[Short descriptive text snippets]
==*==
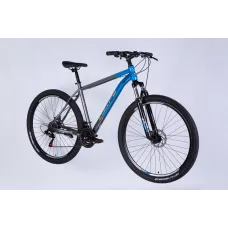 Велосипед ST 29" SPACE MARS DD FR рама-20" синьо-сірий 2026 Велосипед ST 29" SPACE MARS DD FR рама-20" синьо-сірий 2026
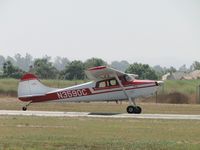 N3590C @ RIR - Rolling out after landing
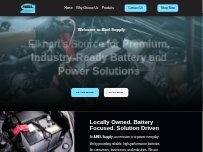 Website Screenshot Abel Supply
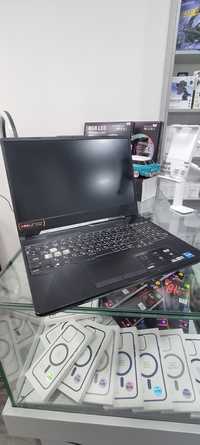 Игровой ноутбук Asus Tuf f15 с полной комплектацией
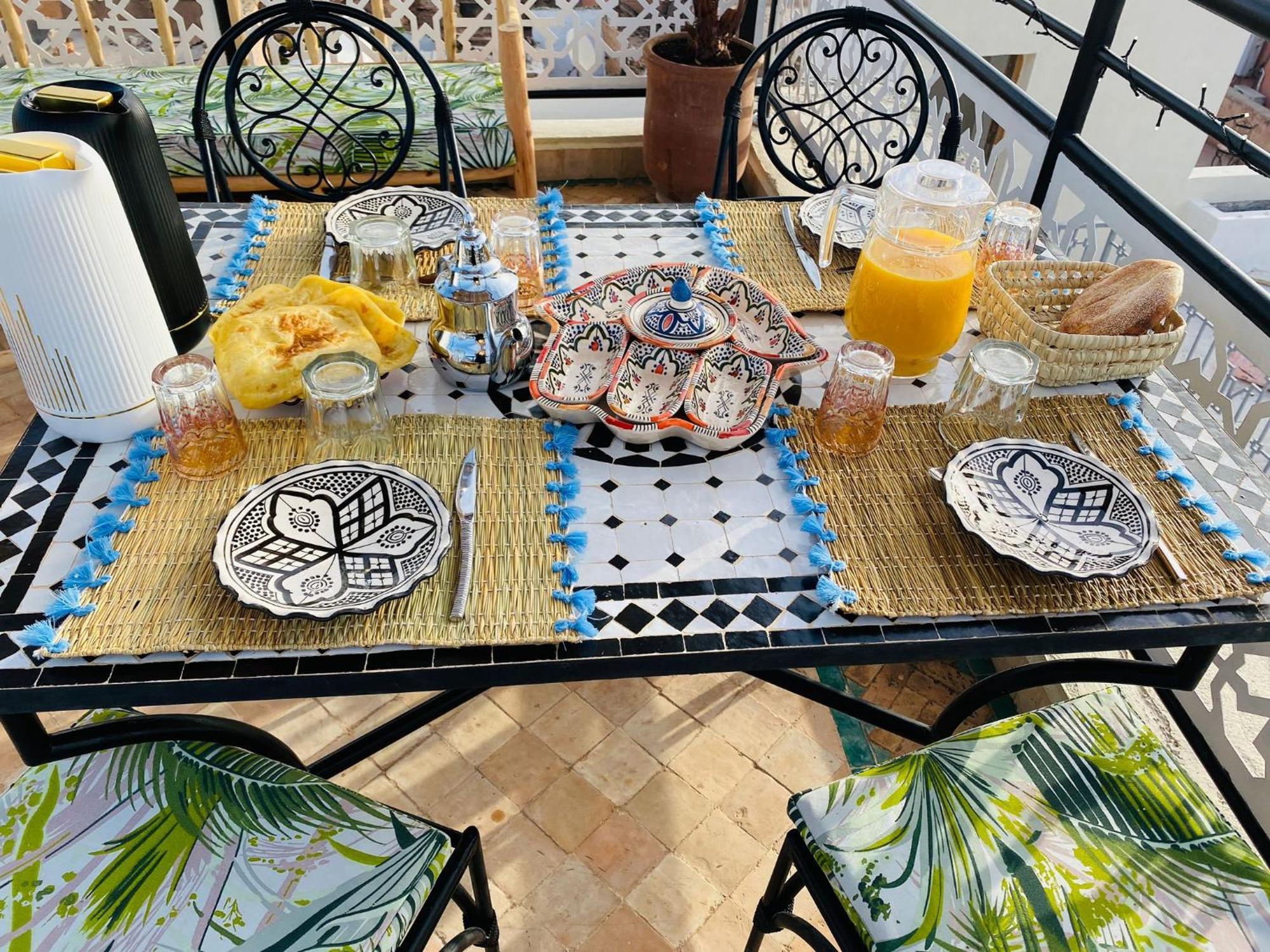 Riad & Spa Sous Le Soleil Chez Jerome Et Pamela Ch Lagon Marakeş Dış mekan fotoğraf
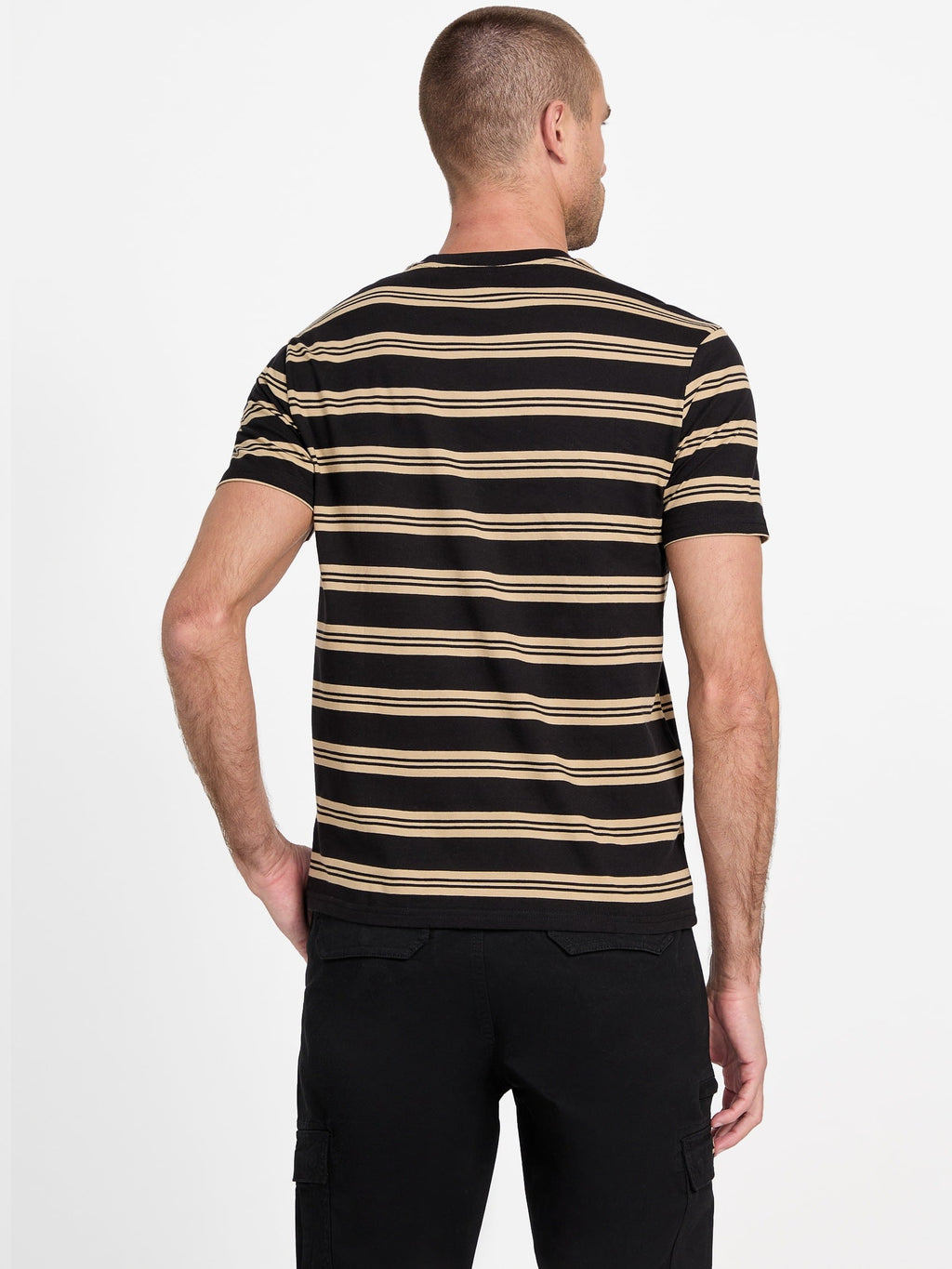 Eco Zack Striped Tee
==*==
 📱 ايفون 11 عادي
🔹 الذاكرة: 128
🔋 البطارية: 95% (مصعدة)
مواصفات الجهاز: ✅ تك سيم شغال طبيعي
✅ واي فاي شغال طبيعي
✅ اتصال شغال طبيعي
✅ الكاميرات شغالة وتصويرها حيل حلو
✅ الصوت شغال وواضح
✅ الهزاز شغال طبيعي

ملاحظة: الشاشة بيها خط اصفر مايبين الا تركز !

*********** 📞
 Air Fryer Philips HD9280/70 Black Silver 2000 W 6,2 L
==*==
• _ASSIGNMENT_: An exact copy of the lines above, from the one containing "وتصويرها حيل حلو" down to the one containing "Air Fryer Philips" and including both, is the whole answer; retype it and nothing else.

• _ANSWER TO THIS TASK_:
✅ الكاميرات شغالة وتصويرها حيل حلو
✅ الصوت شغال وواضح
✅ الهزاز شغال طبيعي

ملاحظة: الشاشة بيها خط اصفر مايبين الا تركز !

*********** 📞
 Air Fryer Philips HD9280/70 Black Silver 2000 W 6,2 L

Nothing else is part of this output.